Se i personaggi secondari purtroppo
difficilmente superano lo stereotipo (la sostanziale non-motivazione di
Tsugumi, ad esempio, è uno dei punti più deboli del manga), quelli
principali (Ito e Makoto) sono la vera forza dell'opera: risultano
irresistibili, così come irresistibile è l' "intesa" tra loro, che cresce
parallelamente all' "intesa" col lettore.

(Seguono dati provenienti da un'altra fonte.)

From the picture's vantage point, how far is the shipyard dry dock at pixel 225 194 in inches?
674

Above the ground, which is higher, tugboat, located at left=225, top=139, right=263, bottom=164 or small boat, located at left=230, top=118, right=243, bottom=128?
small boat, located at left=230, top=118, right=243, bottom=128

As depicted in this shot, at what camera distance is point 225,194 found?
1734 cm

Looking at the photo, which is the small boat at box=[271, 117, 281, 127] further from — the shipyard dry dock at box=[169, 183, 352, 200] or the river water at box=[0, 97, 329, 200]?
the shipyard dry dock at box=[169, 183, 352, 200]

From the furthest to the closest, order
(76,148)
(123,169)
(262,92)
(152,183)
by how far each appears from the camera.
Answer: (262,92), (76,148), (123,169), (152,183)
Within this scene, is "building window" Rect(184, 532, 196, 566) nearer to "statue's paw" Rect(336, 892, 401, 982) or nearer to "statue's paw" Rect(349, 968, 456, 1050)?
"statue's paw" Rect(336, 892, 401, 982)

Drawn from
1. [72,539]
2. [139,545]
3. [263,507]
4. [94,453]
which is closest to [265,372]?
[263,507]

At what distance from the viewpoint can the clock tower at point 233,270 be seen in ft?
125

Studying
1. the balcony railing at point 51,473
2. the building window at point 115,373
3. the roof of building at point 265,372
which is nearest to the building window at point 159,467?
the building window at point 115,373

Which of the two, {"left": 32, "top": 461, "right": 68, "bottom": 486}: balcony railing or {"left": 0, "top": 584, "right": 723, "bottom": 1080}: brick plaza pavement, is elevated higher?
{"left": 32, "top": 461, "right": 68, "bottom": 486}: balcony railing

Per quel che riguarda la storia, è
da approvare l'uso del "doppio travestimento" soprattutto per il coraggio
che implica una tale scelta: i rischi di un'operazione simile non erano
pochi, specie per un'autrice giovane.
Eppure, nonostante i difetti di
poc'anzi, Emura supera la prova a pieni voti: la passione e il talento
compensano la scarsa esperienza, ed ecco che "W-Juliet" diventa un'opera che
- pur rientrando nel mero e semplice intrattenimento - si distingue tra tante
altre per la grazia, la convinzione, l'ingegnosità dei meccanismi narrativi.
L'esperienza, del resto, verrà col tempo: non è un caso che la narrazione
migliori sempre di più col procedere della storia.
Per ora, Emura ci delizia
con il suo spirito giocoso e brillante, un'impronta originale che potrà
essere apprezzata indistintamente tanto dai ragazzi che dalle ragazze.
La storia d'amore infatti, anche se importante, non è centrale: centrale è
invece l'azione drammatica degli eventi, l'umorismo delle situazioni, lo
stile grafico un po' acerbo ma già tutto al servizio della narrazione di
questa deliziosa commedia degli equivoci.